Utilization of federal and state NOL and
tax credit carry-forwards may be subject to a substantial annual limitation due
to the ownership change limitations provided by the Internal Revenue Code of
1986, as amended, and similar state provisions. The annual limitation may result
in the expiration of NOL and tax credit carry-forwards before full
utilization.
8. Commitments and Contingencies
The Company leases office space for its
administrative offices which expired on August 15, 2015. The Company also leases
an airport terminal facility on a month to month basis. The payments are charged
to rental expense as incurred. Rental payments for these two operating leases
for the years ended December 31, 2015 and 2014 were $533,000 and $438,000 and
are included in general administrative expenses in the statement of operations.
The Company also leases office space, an
airport terminal facility at Willow Run Airport, and other facilities under
terms of an operating lease, which expire on August 31, 2016. The payments are
charged to rental expense as incurred.

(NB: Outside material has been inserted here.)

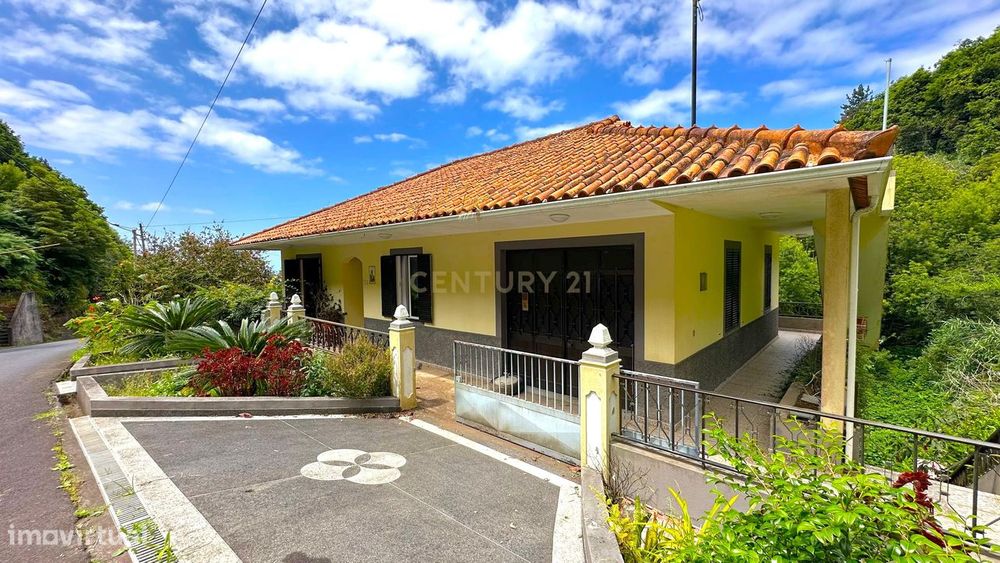 Casa T4 com Vista Mar e Montanha em São Vicente, Madeira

Rental payments for the years ended
December 31, 2015 and 2014 were $151,000 and $23,000, respectively, and are
included in general administrative expenses in the statement of operations.
Future minimum payments are $20,800 for the years ended December 31, 2016.
The Company also leases office space for
its administrative offices in St. Petersburg, Russia under the terms of an
operating lease which expires on February 1, 2017. The payments are charged
rental expense as incurred. Rental payments for the year ended 2015 and 2014
were approximately $18,000 and $15,000 respectively, and are included in general
administrative expenses in the statement of operations. Future minimum payments
are $18,000 for the years ended December 31, 2016.
BALTIA AIR LINES, INC.
NOTES TO FINANCIAL STATEMENTS
DECEMBER 31, 2015
9. Long-Term Debt-Related Party
On December 1, 2010, the Company entered
into a loan arrangement with a company owned or controlled by one of our
directors for a total amount of $1,150,000. The Company issued a note ("Note")
bearing interest at 9% per annum, payable quarterly, with a maturity date of
March 31, 2013. Under terms of the Note dated December 1, 2010, the Company was
obligated to repay the $1,150,000 prior to the maturity date upon raising $4
million or from proceeds of operating revenue. In connection with the terms of
the Note, the Company issued the lender 6.8 million shares of common stock and
3.4 million warrants. The Company recorded the relative fair value of the shares
and warrants of $294,297 as additional paid-in capital and established a
discount on the debt. The discount was amortized over 24 months at an effective
rate of 14.98%. The note is secured by aircraft to a limit of $2.9
million.
On March 31, 2013, the repayment terms of
the Note were modified, wherein the Company is obligated to repay the principal
amount of $1,150,000 to the lender on or before the second anniversary of the
date upon which the Company commences its revenue flight operations. The
modification further provides that the Company will pay accrued interest to date
on or before the first anniversary of the date upon which the Company commences
its revenue flight operations. There were no other changes to the terms of the
original note.
10. Development Stage Activities and
Going Concern
The Company is currently in the
development stage and has not as of yet generated any revenue from its planned
operation to provide scheduled air transportation from the United States to
Russia, the Baltic States, and the Ukraine.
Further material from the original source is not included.